**Exercise:**
Leaving out all pictures, transcribe exactly the lines between the line with "R Pay Gateway" and the last line of the records below, both included.

[Extracted data entries]

>>>

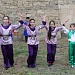 Участники международного фестиваля «Каспий - берега дружбы» выступили в Дербенте 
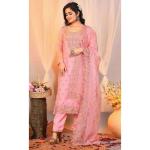 Readymade Georgette Kameez Set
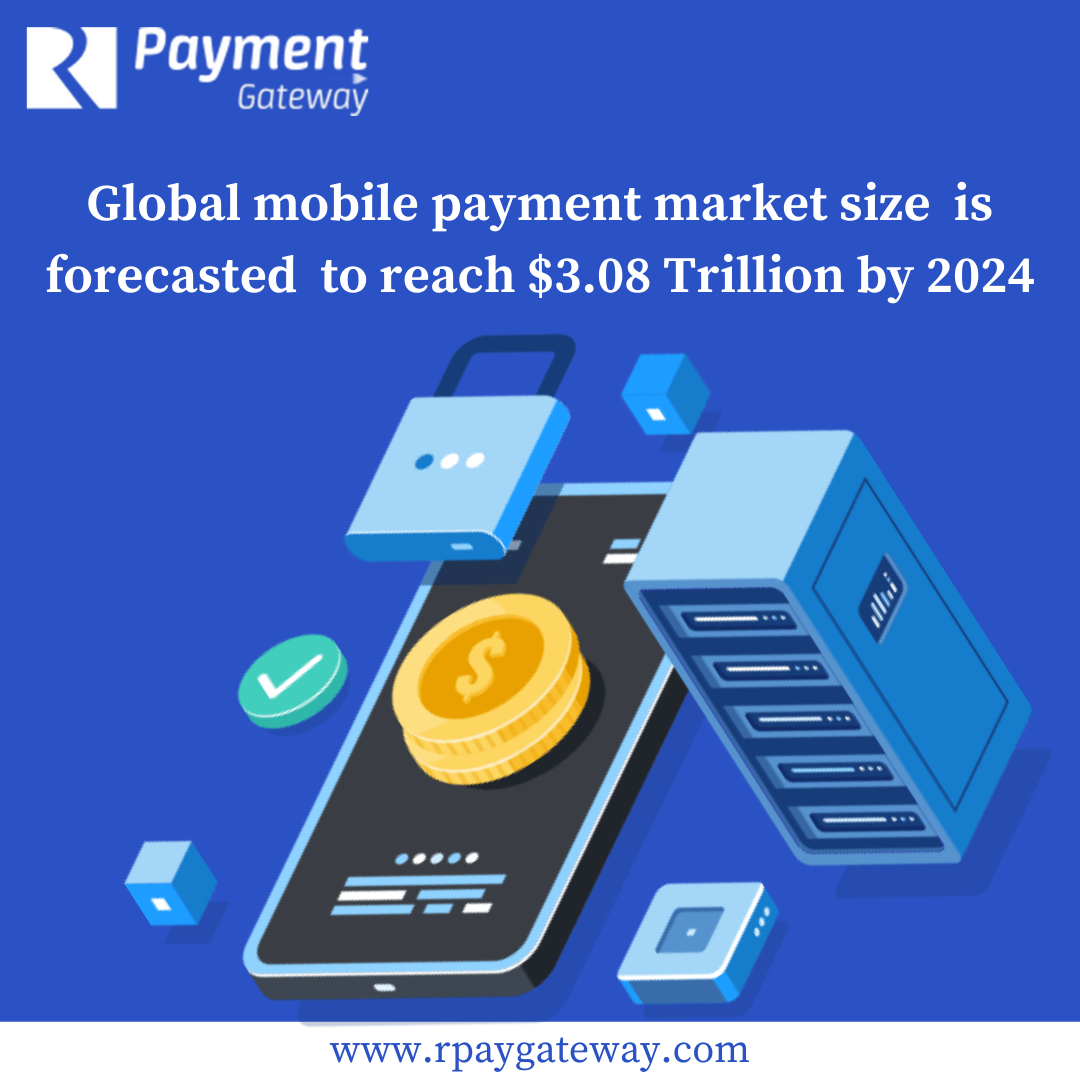 R Pay Gateway - The rise of smartphones has helped the...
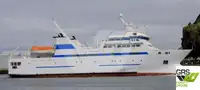 Ro-Ro ship untuk jualan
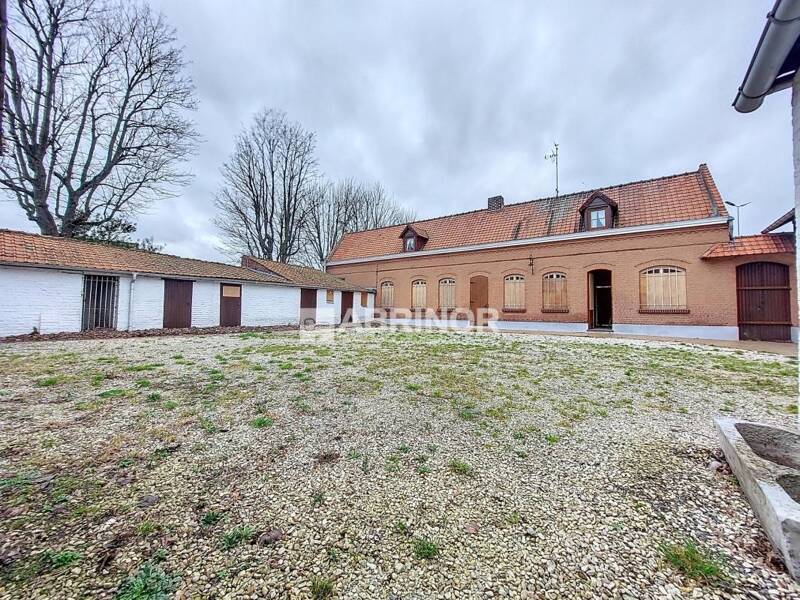 Maison à vendre, 112m², TOURCOING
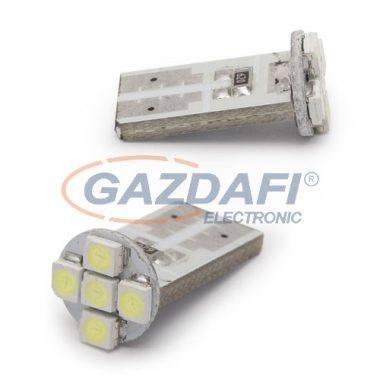 CARGUARD 50977 LED izzó, T10, 0,5W 35Lm 6000K, 2 db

<<<

**Solution to this exercise:**
 R Pay Gateway - The rise of smartphones has helped the...
 Ro-Ro ship untuk jualan
 Maison à vendre, 112m², TOURCOING
 CARGUARD 50977 LED izzó, T10, 0,5W 35Lm 6000K, 2 db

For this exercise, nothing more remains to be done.